The Costs Of Selling A Home: What To Communicate To Your Client

Real Estate Agents Read On!!

As San Diego’s premier escrow company, New Venture Escrow takes pride in the fact that we work  with conscientious real estate agents who share our commitment to creating a transparent sales process for buyers and sellers alike. That’s why we feel so strongly about the importance of making sure sellers understand the many “hard costs” and “intangible costs” related to the sale of their property.  We also feel strongly about the amazing technology we offer real estate agents that will help them be more transparent and to close more deals.

We Are Committed to Realtors

As evidence of this commitment, we offer a “Seller Net Proceeds Sheet” to our agents and the sellers they represent (more on this below). We also encourage agents to share with sellers as much information as possible about the many expenses they’ll likely incur along the way.  Soon we will offer a “Net Sheet Creator” function in our VentureTrac mobile app that is 100% free for ANYONE!

Hard Costs

First and foremost, of course, is the cost of any renovations in the house. You know better than most the level of expectations buyers have these days. They expect the houses you show them to be, in most cases, “move-in-ready.” What this means for the seller is the need to renovate older areas of the house (especially the kitchen and bathrooms). In general, a fresh paint job for both the interior and exterior is necessary as this helps present the property in the best light.


Every real estate agent has his or her opinion on the benefits of home restaging, but it should always be considered (and the costs outlined to the seller). Staging helps would-be buyers to envision themselves living in the house; it also helps generate the best marketing materials (photography, fliers, etc.). A professional stager can do wonders with a house that otherwise presents poorly, so it may well be worth the money needed to hire one. It may even help boost the asking price.

Inspections represent another significant expense. Some real estate agents advise sellers to pay for an assessment of the house before putting it on the market, especially if the property hasn’t been inspected for a long time. This helps avoid any unpleasant surprises later on.

Your clients should be fully apprised of the commissions they’re expected to pay to both you and the buyer’s agent. There are also these frequently incurred expenses:

  • Extra homeowner’s insurance, in the event the house is vacant during the sales process
  • Additional utilities (heat and lighting) if the sellers move out
  • Title search fees and notary fees
  • Closing costs, including escrow company fees, property recording and transfer tax (where applicable) etc.

Intangible Costs

This is where you can perform an invaluable additional service to your clients. Give them an approximate idea of the intangibles relating to the selling process—the time required to show the property, expenses they may incur while they’re out of the house, the time and effort involved in communicating with you and others involved in the sales process. Most first-time sellers (and even veterans) underestimate the time, money and energy the sales process entails.

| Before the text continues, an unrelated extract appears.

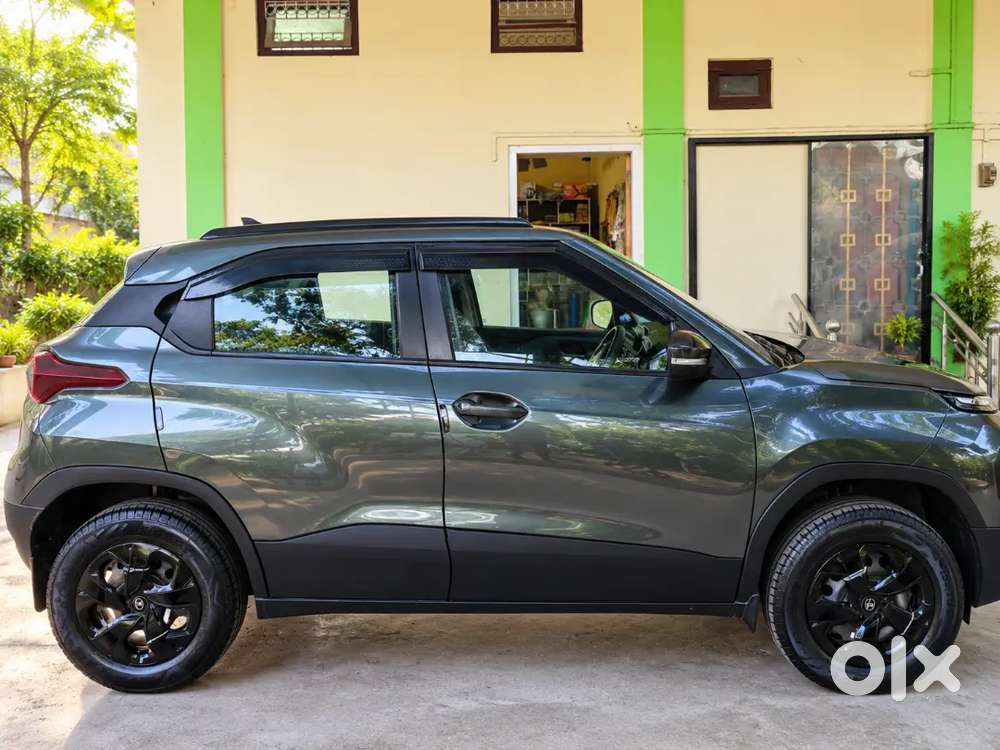 Tata Punch 1.2 Revotron 2025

New Venture Escrow is ready to do our part in communicating the real costs to the sellers. We offer a “Seller Net Proceeds Sheet” to our agents, as well as sellers. This form enables you to sit with potential clients and review estimated costs they’re likely see. It also offers clarity to sellers with questions about escrow, taxes, inspections, etc.

The process of selling a house is complicated enough, without throwing in a lot of unpleasant surprises. When you provide your clients with an accurate picture of the time and expense involved, you’re demonstrating the best kind of service available.  They will also value your tech savvy methods and added security in the most important transaction of their lives. Their favorable experience translates into loyal, repeat customers—and what’s better for your business than that?